# ACTIVITY:
A faithful copy without images is required: write out all the records exactly.

========================

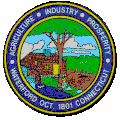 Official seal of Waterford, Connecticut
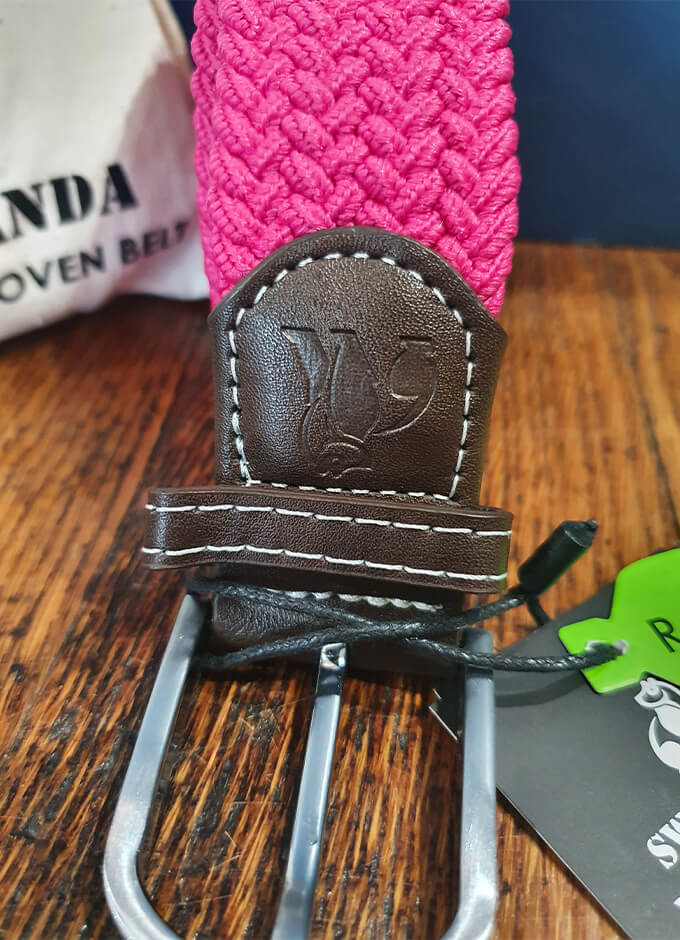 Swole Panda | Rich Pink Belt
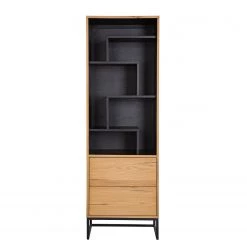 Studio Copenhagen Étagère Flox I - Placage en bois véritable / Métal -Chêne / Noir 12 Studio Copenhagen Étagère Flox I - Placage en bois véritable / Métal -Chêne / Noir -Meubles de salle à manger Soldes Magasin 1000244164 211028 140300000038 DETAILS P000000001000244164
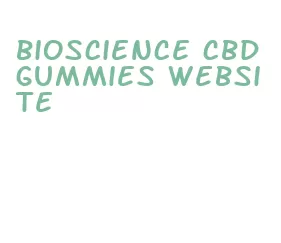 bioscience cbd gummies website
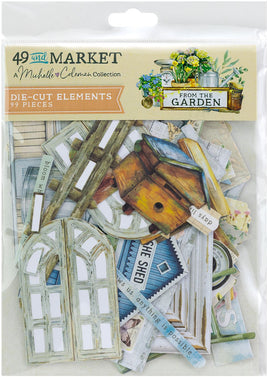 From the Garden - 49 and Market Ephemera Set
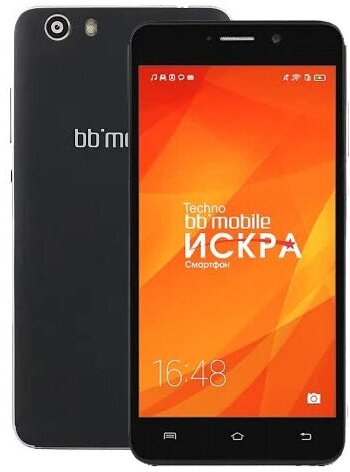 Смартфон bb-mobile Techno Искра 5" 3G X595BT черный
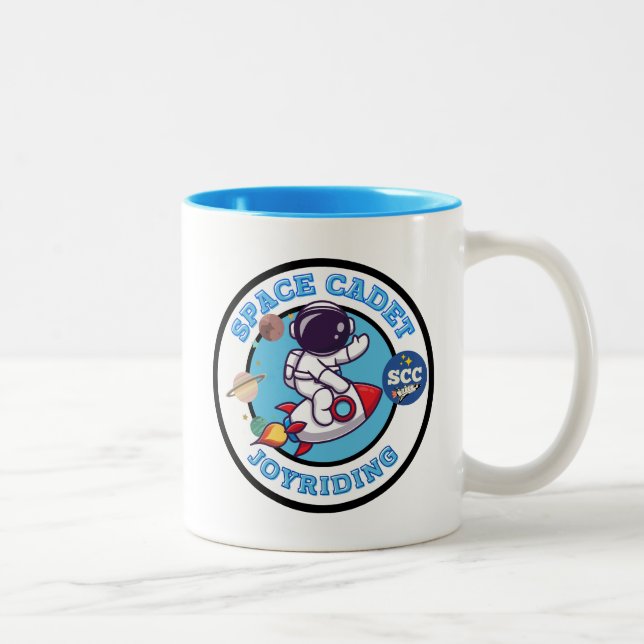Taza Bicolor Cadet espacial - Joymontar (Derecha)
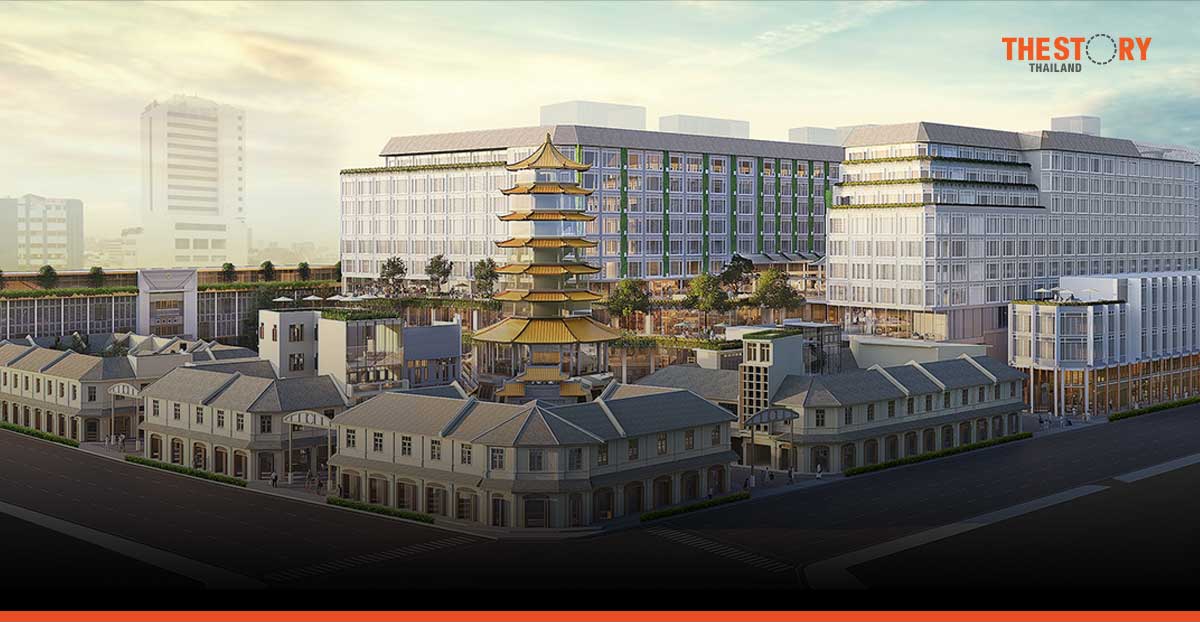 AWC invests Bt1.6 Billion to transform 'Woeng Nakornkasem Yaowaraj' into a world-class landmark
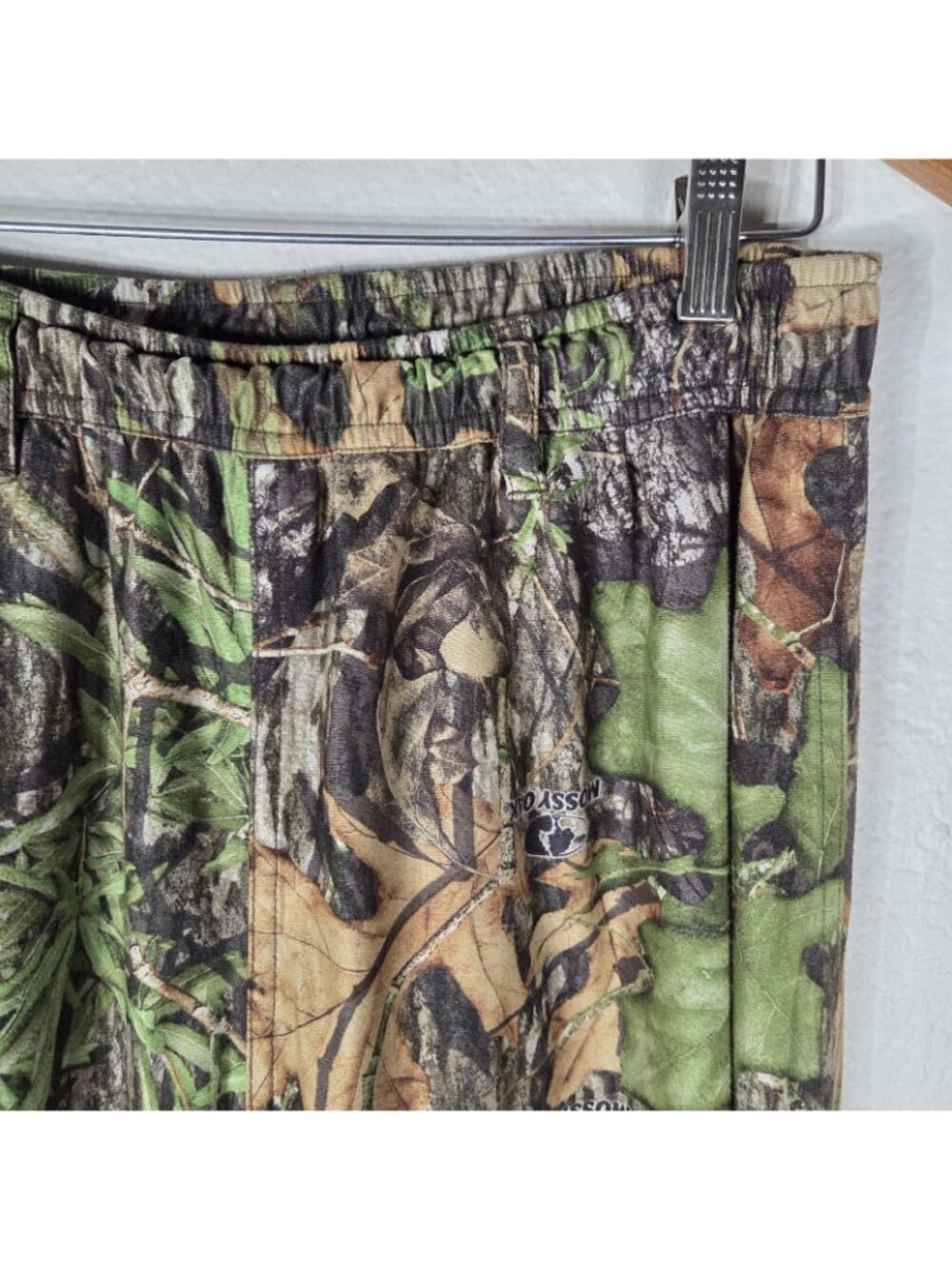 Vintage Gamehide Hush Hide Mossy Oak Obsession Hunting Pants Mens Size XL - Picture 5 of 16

========================

# SOLUTION BELOW:
 Official seal of Waterford, Connecticut
 Swole Panda | Rich Pink Belt
 Studio Copenhagen Étagère Flox I - Placage en bois véritable / Métal -Chêne / Noir 12 Studio Copenhagen Étagère Flox I - Placage en bois véritable / Métal -Chêne / Noir -Meubles de salle à manger Soldes Magasin 1000244164 211028 140300000038 DETAILS P000000001000244164
 bioscience cbd gummies website
 From the Garden - 49 and Market Ephemera Set
 Смартфон bb-mobile Techno Искра 5" 3G X595BT черный
Taza Bicolor Cadet espacial - Joymontar (Derecha)
 AWC invests Bt1.6 Billion to transform 'Woeng Nakornkasem Yaowaraj' into a world-class landmark
 Vintage Gamehide Hush Hide Mossy Oak Obsession Hunting Pants Mens Size XL - Picture 5 of 16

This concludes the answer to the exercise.